Are you getting to know a virtual date by updating on an internet dating site? Are you ready to make a real connection? You’re about to learn how to use the Blink Factor and four more online dating tips to help you make a real connection with your virtual date:
1. A virtual connection isn’t real until you meet face to face. How do you suggest a real first date?
In your next written update, thank your virtual date for sharing personal information that helps you get to know each other. Then explain that your online connection may feel wonderful and full of possibilities, but nothing is real until you meet face to face. Are you ready to find out our real possibilities when we meet?
2. It’s possible to fall in love at the speed of write. How do you explain the drawbacks?
I tell my online community that it’s possible to fall in love at the speed of write, and I suggest ways to explain the drawbacks to your virtual date.
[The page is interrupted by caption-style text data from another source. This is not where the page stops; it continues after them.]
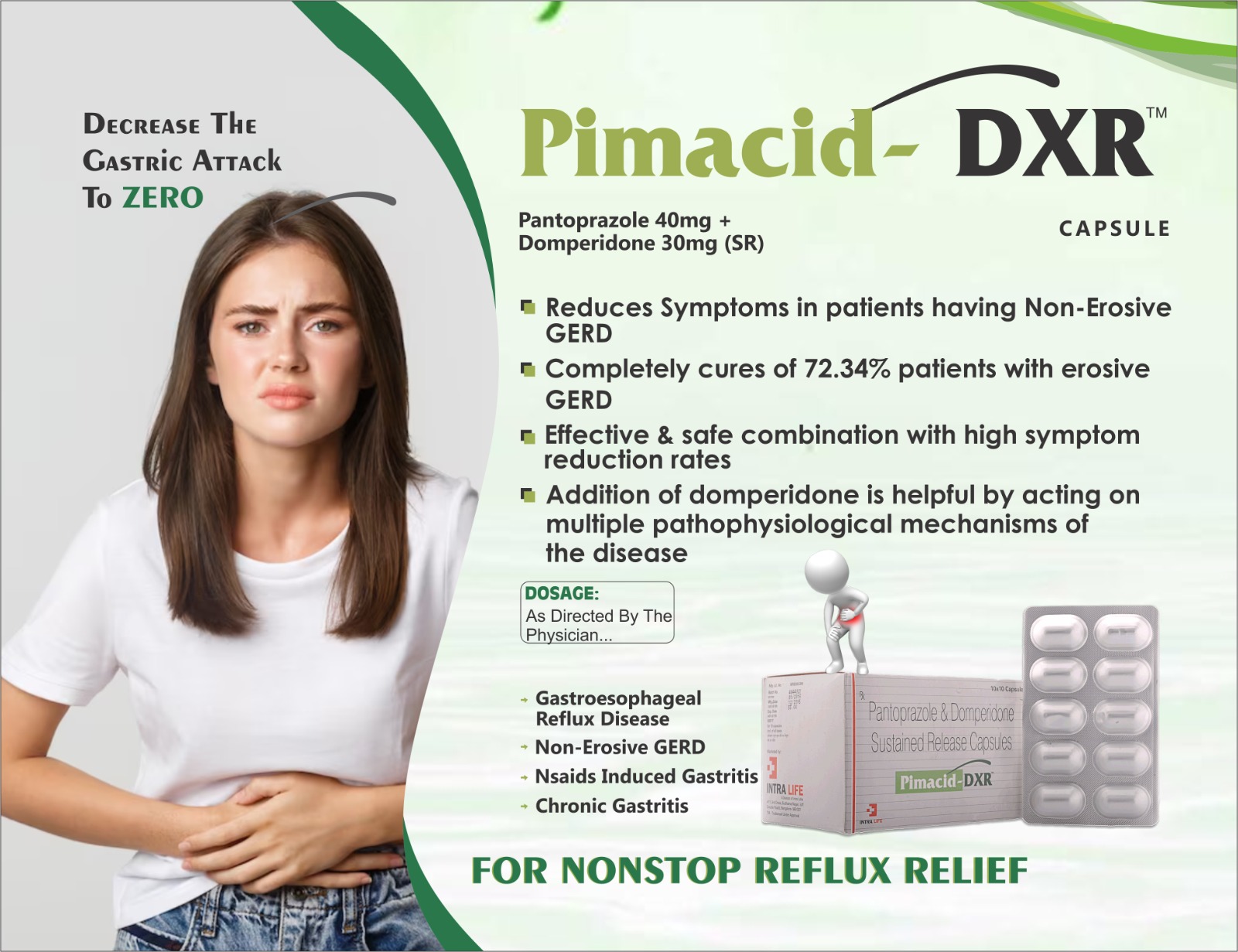 PIMACID-DXR - Pantoprazole 40mg + Domperidone 30mg (SR) | Intralife Pharmaceuticals - thumbnail 2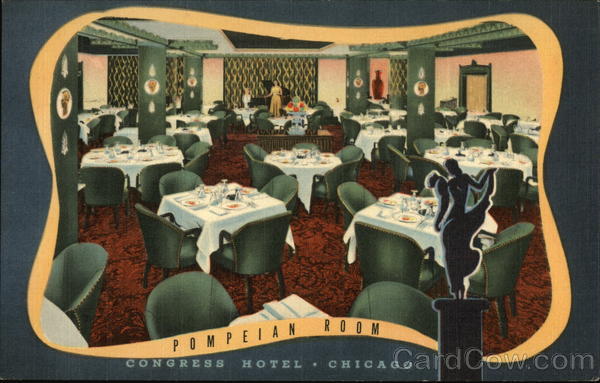 The Beautiful Pompeian Room at the Congress Hotel Chicago Illinois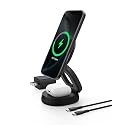 Belkin MagSafe Charger Compatible, 2-in-1 Qi2 Wireless Charging Station 15W, Convertible Charger for iPhone 17, Apple Watch, AirPods, Pixel 10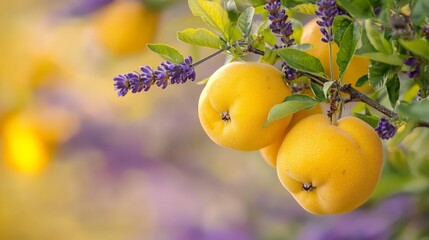 A couple of lemons dangling from a tree against a backdrop of purple flowers and blurred yellow and purple hues
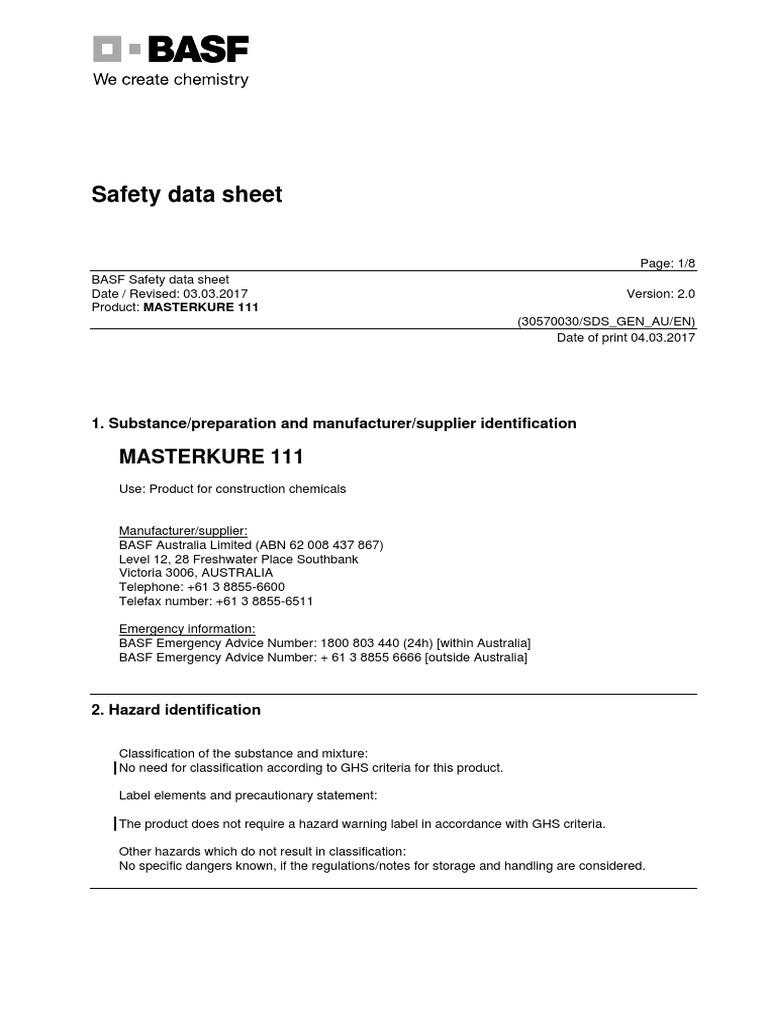 MasterKure 111 Safety Data Sheet | PDF | Toxicity | Firefighting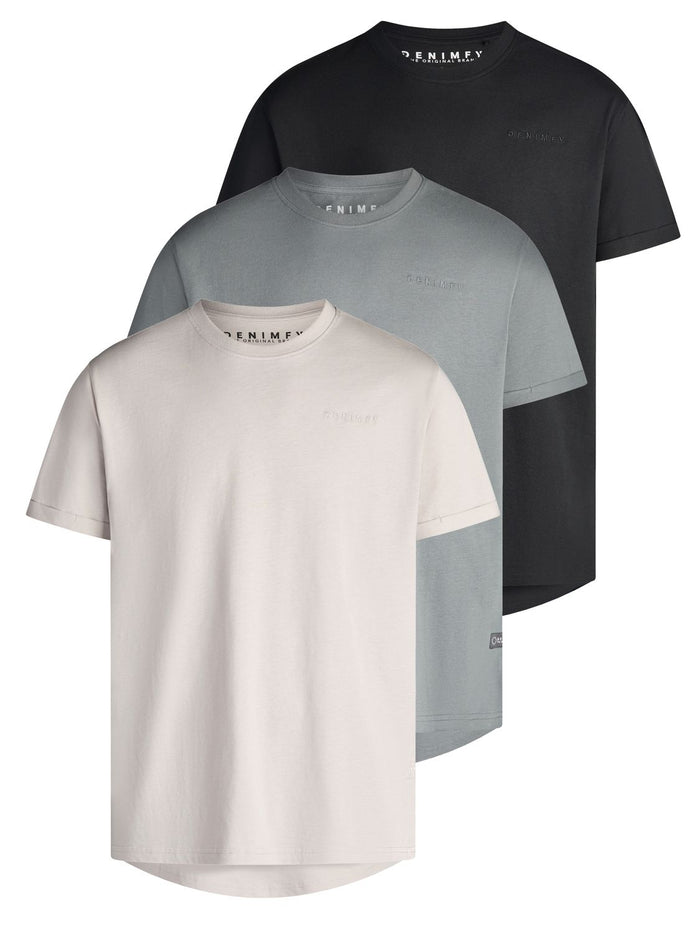 DENIMFY Tshirt Herren Regular Fit DFDiego 3er Set Pack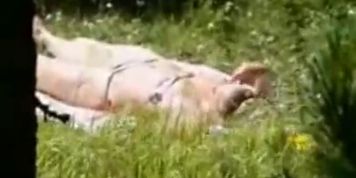 Hot teen caught masturbating outdoor by a peeper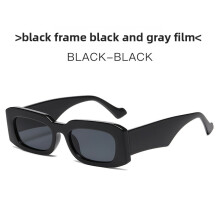(Black Gray)Minimalist Geometric Square Sunglasses With Gray Lenses For Daily Travel Fashion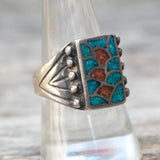 Vintage Sterling Turquoise and Coral Inlay Ring 9.25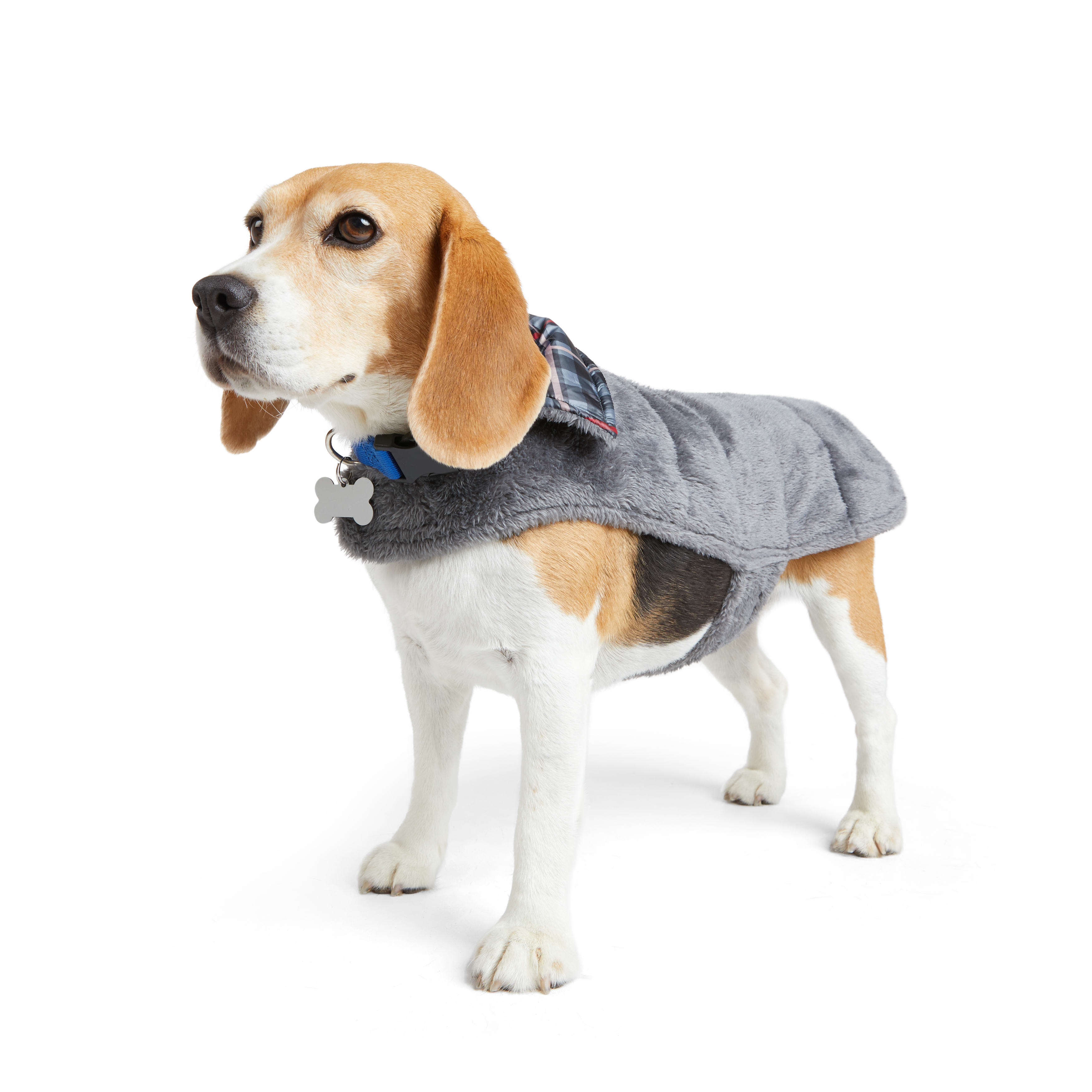 YOULY Grey Reversible Cozy Puffer Dog Jacket， X-Small/Small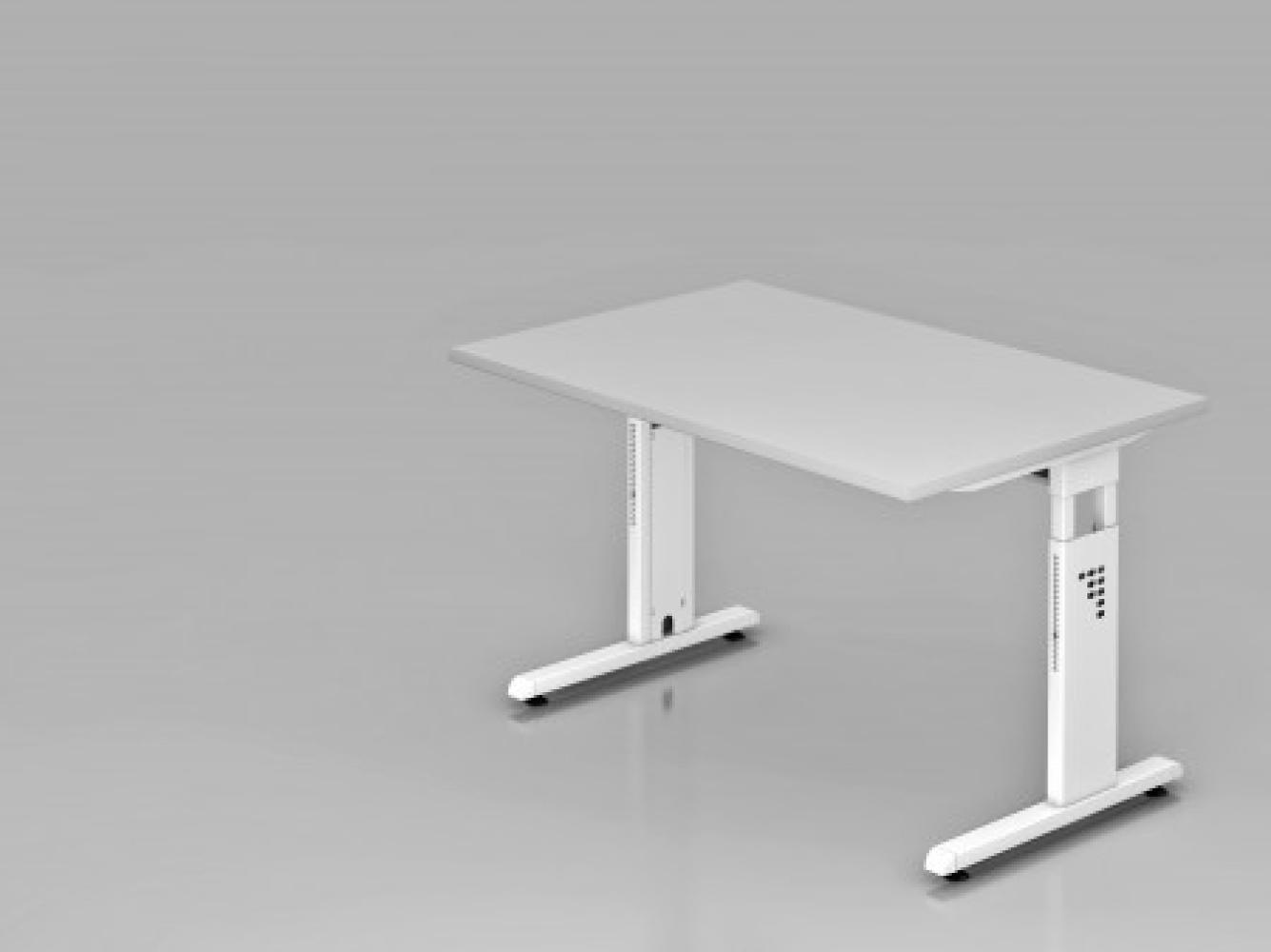 Schreibtisch OS12 C-Fuß 120x80 cm Grau Gestellfarbe: Weiß Bild 1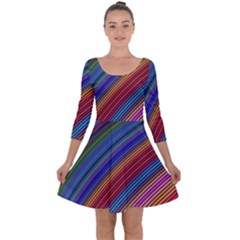 Multicolored Stripe Curve Striped Background Quarter Sleeve Skater Dress by Uceng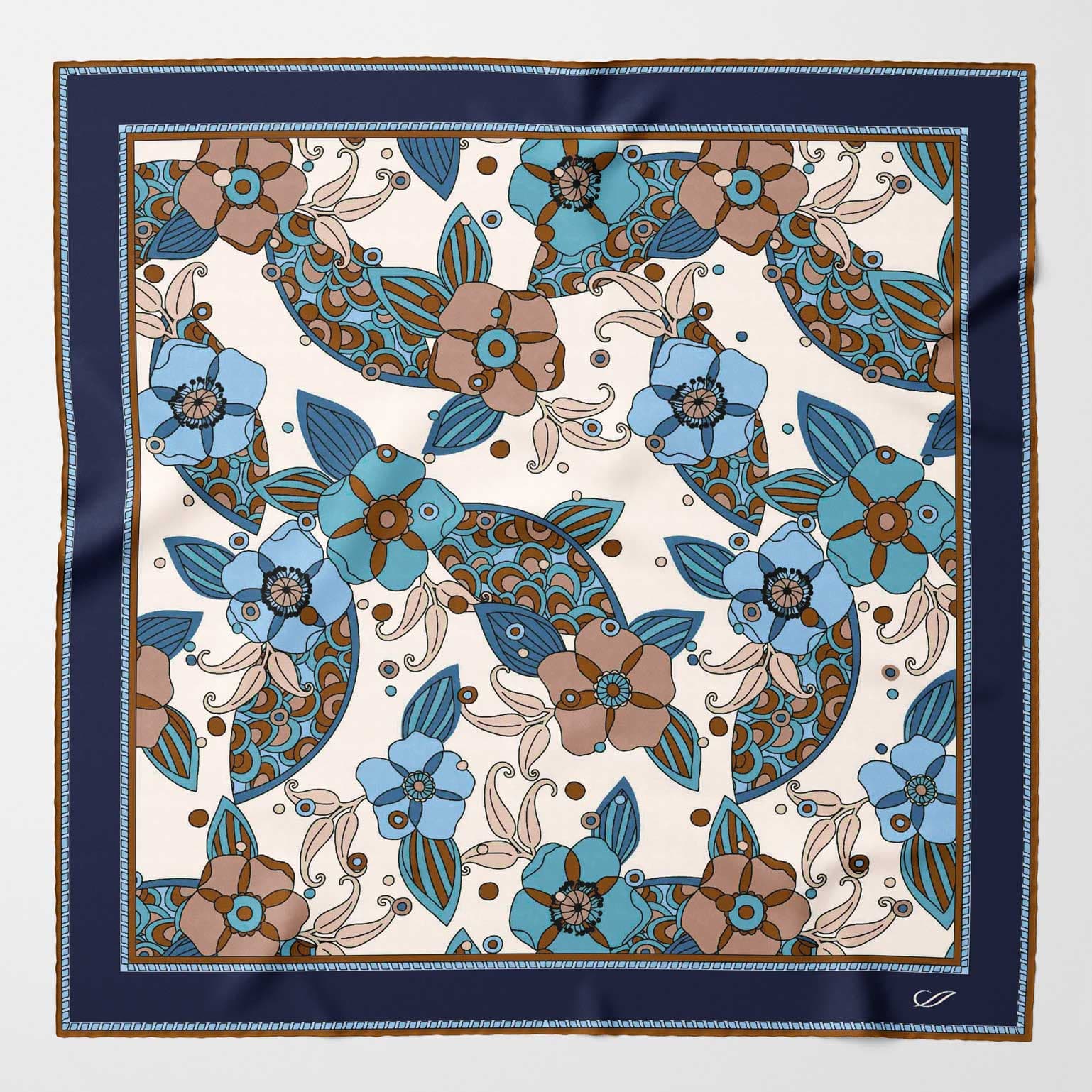 Blue Floral Silk Italian Suit Pocket Square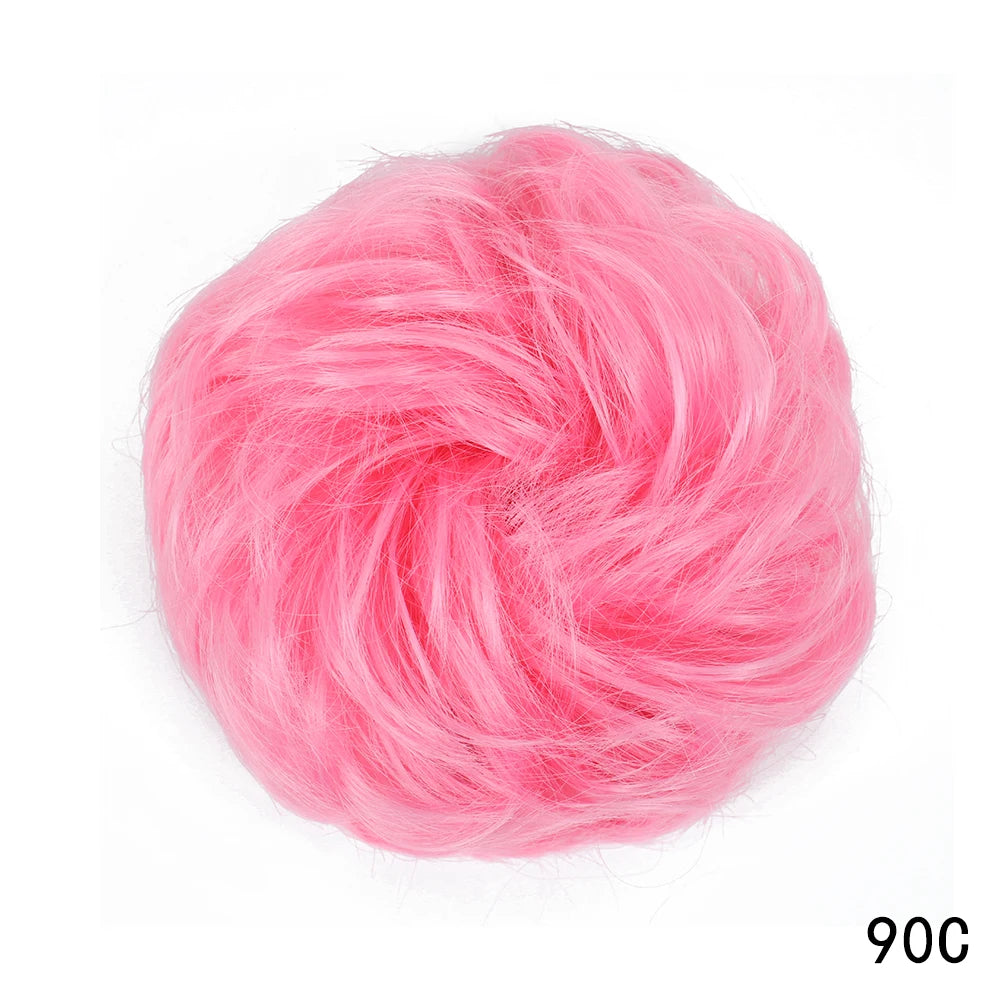 Synthetic Culrly Messy Ponytail Updo Bun with Elastic Band/Scrunchy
You may write that you’re beginning to feel connected in many positive ways. You’re looking forward to each update because you want to know and be known by them. Yet you don’t want to fall in love at the speed of write. That connection is fragile and fueled by fantasy. You’d rather build a relationship that is grounded in reality. The best way to do this is to meet face to face. Would you like to make things real?
3. Most of the meaning in virtual updates is lost or misunderstood. How do you find the lost meaning?
Social scientists report that only 20% of the meaning of a communication is experienced when you read the written word. The other 80% is experienced when you hear tone of voice or observe physical behavior.
How do you find the lost meaning in your online updating?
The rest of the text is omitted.